Just enough heat for enough time. Those little molecules will dissipate into the very thin atmosphere and eventually make their way out into space.

Bernardo de La Paz

(55,721 posts)
2. Mars is smaller, has substantially less gravity, hence the escape velocity for molecules is much smaller
Thu May 15, 2025, 06:54 PM
Thursday

I think that is the main mechanism.

ProfessorGAC

(72,678 posts)
3. The Only Thing I Can Think Of...
Thu May 15, 2025, 07:20 PM
Thursday

...is uV & the presence of abundant metal oxides on Mars.
I'd still like to see the data though, because there is a lot of light energy required, even catalyzed, to split the water.
The fact that the atmosphere is nearly nonexistent means a lot of uV, even at 50 million miles farther from the sun.
I don't see a thermal route (requires over 1,500 degrees & metal oxides).
I suppose I can buy the uV route after the vast bulk of any water would have vaporized due to the very low pressure on Mars. I've used vacuum ovens with a 2 stage pump still have more pressure than the atmosphere on Mars.
I'm not, however, understanding how the metal come into contact with such a tiny mass of water diluted over such a huge volume. The mass transfer barriers seem insurmountable.
It's also highly endothermic, even with catalysis.
I'm dubious, but willing to be shown how they think it works.

John1956PA

(4,067 posts)
4. On earth, hydrolysis creates oxygen and hydrogen by applying an electrical charge through water.
Thu May 15, 2025, 07:22 PM
Thursday

Perhaps pools of water on Mars were exposed to electrical charges which caused a hydrolysis effect.

As far as molecules of water dissipating into space is concerned, I do not know of the process by which that would occur.

Mars does have a thin atmosphere. The helicopter Ingenuity which NASA sent to explore the planet utilized the planet's atmosphere as a medium to keep it aloft.
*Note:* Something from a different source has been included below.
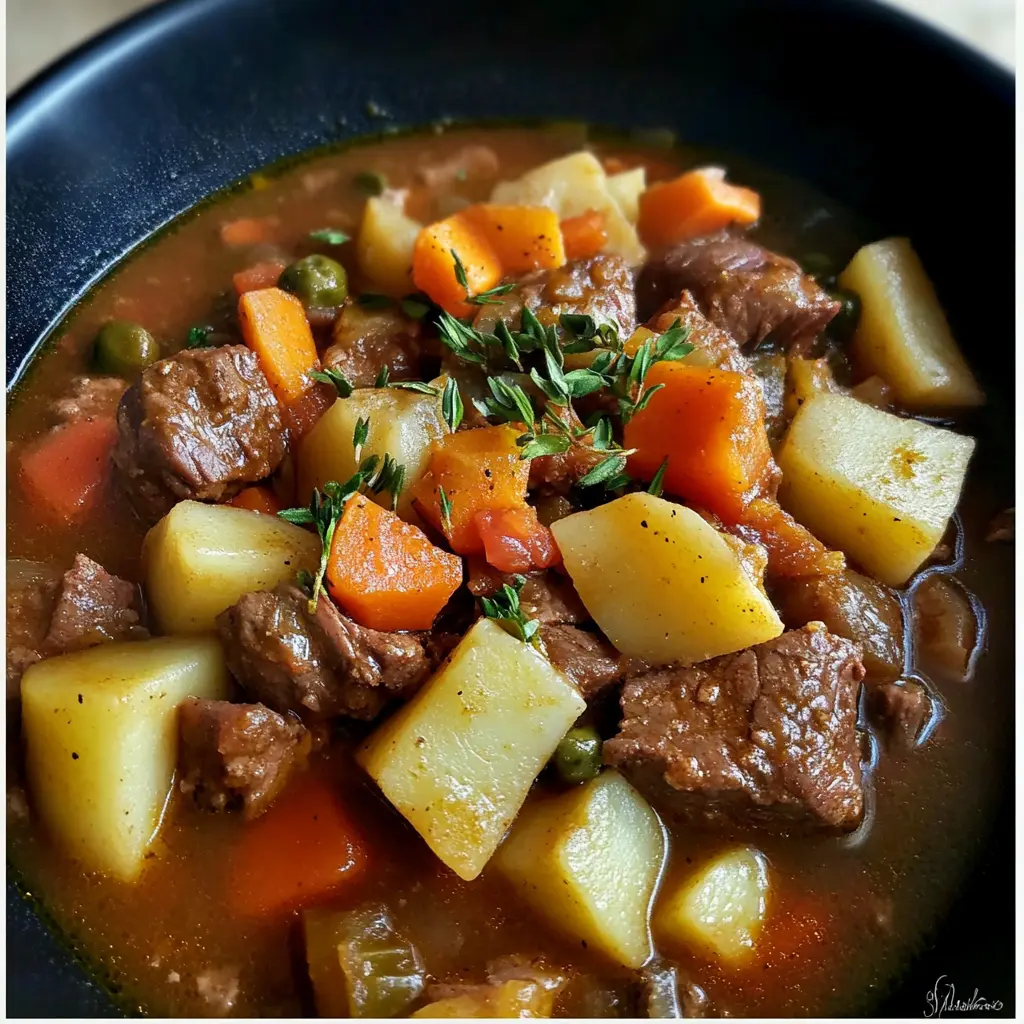 OLD FASHIONED CROCKPOT BEEF STEW centered hero view, clean and uncluttered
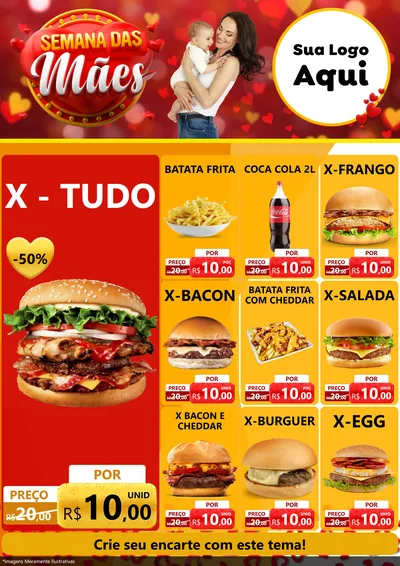 Modelo de Encarte para Encarte A4 Vertical com o tema Semana das Mães para Hamburgueria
https://wikipedia.org/wiki/File:Mars_helicopter_on_sol_46.png

electric_blue68

(21,415 posts)
8. In our JHS Science Class we had a Hydrolysist machine!
Thu May 15, 2025, 08:03 PM
Thursday

So cool. Attached balloons to the separate release valves for the separated Oxygen, and Hydrogen.
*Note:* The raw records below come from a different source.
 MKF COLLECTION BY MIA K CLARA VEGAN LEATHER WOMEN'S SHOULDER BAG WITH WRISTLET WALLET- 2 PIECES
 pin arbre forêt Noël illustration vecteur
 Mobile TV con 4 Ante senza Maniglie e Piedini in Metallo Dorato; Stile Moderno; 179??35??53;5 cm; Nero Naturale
So the hydrogen balloon filled up twice as large.
For non sciencey people: it's why the water chemical symbol is H2O. Two hydrogen atoms vs one oxygen.

John1956PA

(4,067 posts)
10. Did the teacher allow you to transfer some of the gases to test tubes?
Thu May 15, 2025, 08:18 PM
Thursday

If a wooden match is struck, and if the resulting flame is blown out, the head of the match will remain glowing for about five seconds. If the glowing match head is inserted into the test tube containing the oxygen gas, the match head will reignite into a flame. If the glowing match head is inserted into the test tube containing the hydrogen gas, there will be a quick "pop" sound, but the match head will not reignite.
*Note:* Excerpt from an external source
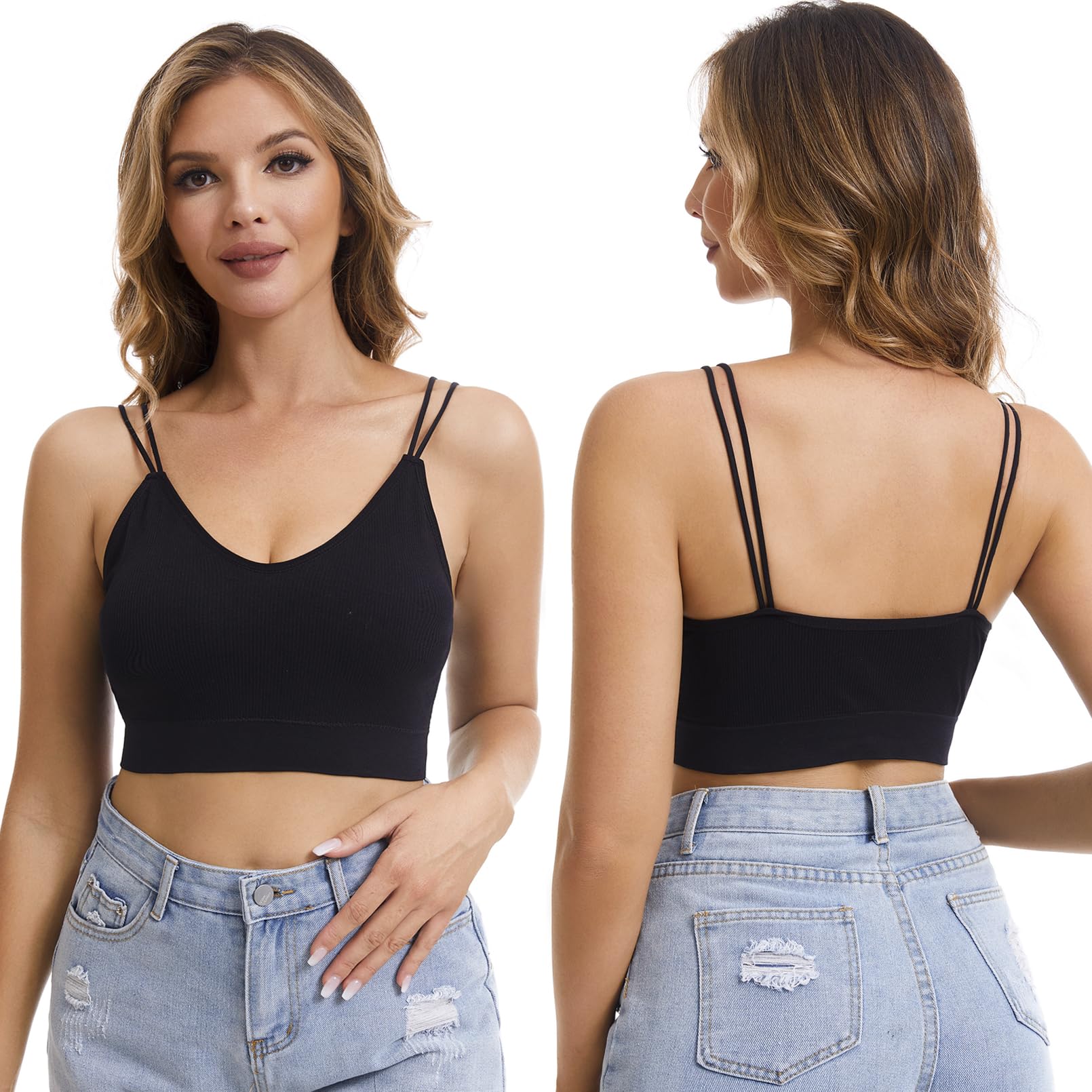 BQTQ 6 Pcs V Neck Bralettes for Women Padded Bralette with Straps Seamless Bra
Your school's hydrolysis machine was a great teaching device.

electric_blue68

(21,415 posts)
11. Interesting! No, we didn't do that. It was very cool to have that demonstration.
Thu May 15, 2025, 08:29 PM
Thursday

The only "bad" thing was the time she opened up a container of "Swamp Water".
Most of us went to huddle in the back third of classroom bc of the smell!
.
She put a dropperful on a slide, and we when up to look at the parameciums under the microscope.

sl8

(16,436 posts)
5. Hubble Helps Solve The Mystery of Mars' Escaping Water (NASA video)
Thu May 15, 2025, 07:27 PM
Thursday

Last edited Thu May 15, 2025, 08:11 PM - Edit history (1)



Hubble Helps Solve The Mystery of Mars’ Escaping Water

NASA Goddard
Sep 5 2024

Mars was once a very wet planet. Scientists know that over the last 3 billion years, some of the water went underground, but what happened to the rest?

Now, NASA’s Hubble Space Telescope and the Mars Atmosphere and Volatile Evolution (MAVEN) mission are helping unlock that mystery. To understand how much water there was and what happened to it, scientists need to understand how the atoms escape into space.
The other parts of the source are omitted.